A partir daí, qualquer esperança de nuances narrativos pode ser anulada. Desenvolvimento e resoluções de conflitos são tão pobres que o filme se sustenta apenas pelo ritmo. É claro que a história chega ao limite do apelo melodramático e que pode conquistar corações mais sensíveis, mas a linha entre tributo e apelo em certo momento deixa de ser tênue, principalmente por escolhas tão óbvias para ilustrar a proximidade dos irmãos que viveram sob a sombra desta tragédia.

Xiaogang parece perdido; ilustra o óbvio e dispensa os conflitos, sempre com a intenção de entregar uma obra agridoce, sem ferir sentimentos de sua audiência, numa inevitável comparação - novamente - a uma novela, que segue um padrão máximo de frieza e acomodação referente ao seu público. Assim, elimina-se clímax e a calidez necessária para aproximar personagens e desenvolvimento narrativo para identificação ou total interação com o filme.

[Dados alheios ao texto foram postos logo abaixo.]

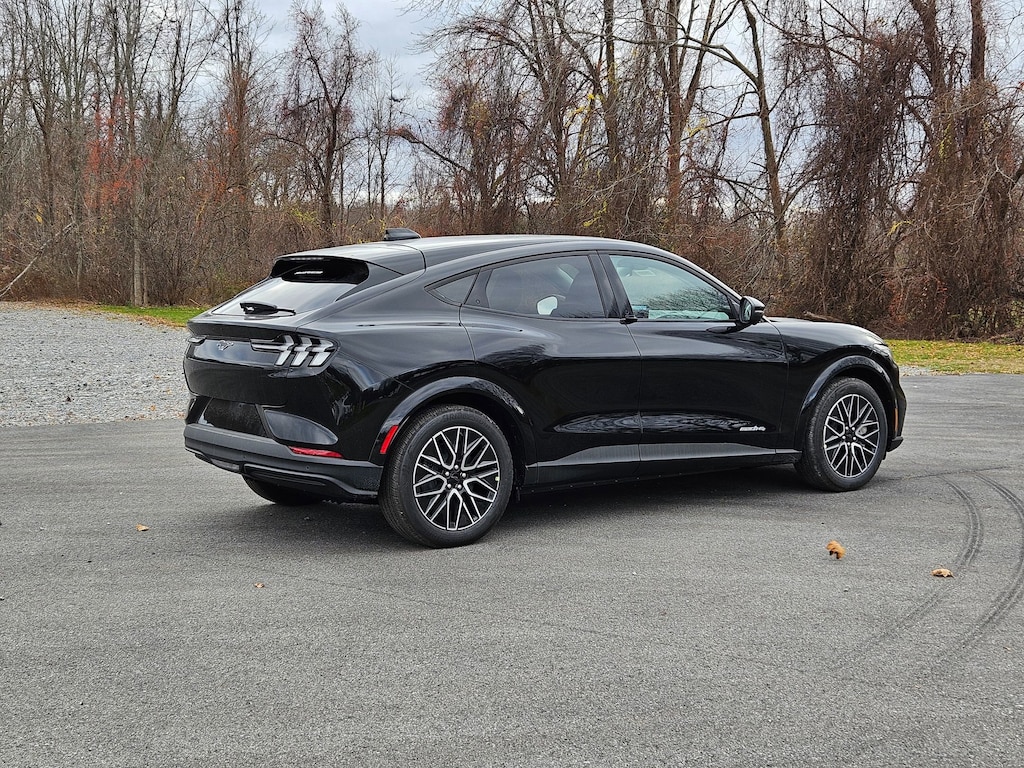 New 2025 Ford Mustang Mach-E Premium CROSSOVERS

Separados Pelo Destino (Tangshan Dadizhen, China, 2010) de Feng Xiaogang

127 HORAS


Era de se imaginar que a história de um homem preso a uma pedra por 127 horas levasse a um caminho que sua narrativa sustentasse elementos de suspense. Danny Boyle não elimina por completo essa proposta, mas opta por um tour de force louvável ao analisar a perda de lucidez de um homem através de uma desconstrução ilustrativa.

127 Horas guarda resquícios narrativos dentro da dinâmica da linguagem de vídeo-clipe que mantém o ritmo do longa intacto. Para abordar todos os pesos da mente de Aron Ralston (James Franco), Boyle abusa de todas as idéias que tal saída lhe proporciona: tela dividida, fragmentação do tempo e o encontro imagético com seus conflitos, justificados pelo estado físico do protagonista. Como forma de exorcismo e aproximação ao público, lá está uma filmadora portátil.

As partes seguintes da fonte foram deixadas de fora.